In the final paragraph of the report, the authors quote a researcher named Ed Diener who raises a significant issue about the complexity of happiness. They quote him to the effect that “objective conditions such as health, comfort, virtue or wealth” are “notably absent” from subjective well-being. Being in good health, in other words, has some role to play in happiness, but one can be miserable despite it. The word that jumped out from Diener’s list was virtue, a word that is otherwise absent from this report and from most modern considerations of women’s condition. It was not so for most philosophers of happiness until our own era. For the ancient Greek and Christian philosophers, happiness was not a particular kind of feeling but a life governed by reason and ethical practice.
Previous generations of women were taught that happiness related directly to virtue, and virtue consisted in living for others, being loyal, being a helpmeet to one’s husband, devoting oneself to one’s children, or in some other manner pursuing a good life—as a nun or a healer, a mystic or a scholar. Feminism deliberately turned such an idea on its head. Ideals of chastity, fidelity, self-sacrifice, self-control and loving kindness were, according to feminism, the imposed ideals by which men prevented women from pursuing their desires. Feminism was about self-fulfillment.

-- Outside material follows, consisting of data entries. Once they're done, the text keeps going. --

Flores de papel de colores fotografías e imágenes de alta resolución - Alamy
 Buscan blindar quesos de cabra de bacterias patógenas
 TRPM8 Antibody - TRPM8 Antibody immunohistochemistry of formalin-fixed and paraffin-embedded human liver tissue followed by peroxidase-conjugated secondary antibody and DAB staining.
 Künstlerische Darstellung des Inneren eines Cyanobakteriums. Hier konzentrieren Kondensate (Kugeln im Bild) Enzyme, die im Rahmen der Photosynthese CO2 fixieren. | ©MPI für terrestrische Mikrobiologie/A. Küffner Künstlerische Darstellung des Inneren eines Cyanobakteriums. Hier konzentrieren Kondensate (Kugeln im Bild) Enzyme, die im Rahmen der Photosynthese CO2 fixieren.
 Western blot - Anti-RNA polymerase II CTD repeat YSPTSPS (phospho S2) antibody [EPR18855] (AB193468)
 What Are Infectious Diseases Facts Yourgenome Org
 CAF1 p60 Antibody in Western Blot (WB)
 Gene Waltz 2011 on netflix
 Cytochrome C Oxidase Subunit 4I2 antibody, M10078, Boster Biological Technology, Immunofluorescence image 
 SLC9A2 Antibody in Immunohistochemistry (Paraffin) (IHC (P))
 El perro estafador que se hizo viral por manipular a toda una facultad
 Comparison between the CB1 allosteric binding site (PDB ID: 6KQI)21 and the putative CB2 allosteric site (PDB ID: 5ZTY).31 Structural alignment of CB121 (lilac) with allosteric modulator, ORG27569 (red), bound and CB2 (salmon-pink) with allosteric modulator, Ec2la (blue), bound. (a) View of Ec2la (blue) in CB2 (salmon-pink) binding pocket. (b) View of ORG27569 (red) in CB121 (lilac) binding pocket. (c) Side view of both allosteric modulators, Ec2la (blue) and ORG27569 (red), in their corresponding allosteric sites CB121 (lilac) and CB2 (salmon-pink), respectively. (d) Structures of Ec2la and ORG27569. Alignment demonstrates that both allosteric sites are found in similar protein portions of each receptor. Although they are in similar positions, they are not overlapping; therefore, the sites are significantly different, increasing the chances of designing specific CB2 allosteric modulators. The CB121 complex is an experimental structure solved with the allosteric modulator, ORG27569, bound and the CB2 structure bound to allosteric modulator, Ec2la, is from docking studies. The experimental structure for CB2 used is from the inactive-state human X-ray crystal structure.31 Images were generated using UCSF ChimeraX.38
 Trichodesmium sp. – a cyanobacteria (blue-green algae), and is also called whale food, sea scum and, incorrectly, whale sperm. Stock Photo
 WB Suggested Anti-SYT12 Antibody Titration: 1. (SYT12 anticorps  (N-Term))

In the years since the 1970s, discussion of female goodness has essentially been ruled out of bounds. While men have always been measured (and measured themselves) against a standard of the good man—one who supports his family, including his wife, defends justice, achieves distinction in the public sphere, protects the weak, and defeats evil—the ideal of the good woman has become a pre-1960s relic. Ask a feminist what a good woman is, and she will either laugh scornfully and refuse to answer, or say that a good woman fights against patriarchy. In other words, she’ll give you an oppositional identity with little or no positive content. The real problem with feminism for women is that it destroyed the positive content of womanhood and replaced it with useless anger.
Traditional philosophers have always been divided as to whether being virtuous is sufficient for happiness, but they were agreed that without virtue, happiness was impossible. In being opposed to virtue, feminism has undermined sources of real happiness. On International Women’s Day, we should heed the warning that more feminism will lead to even greater bitterness and dissatisfaction.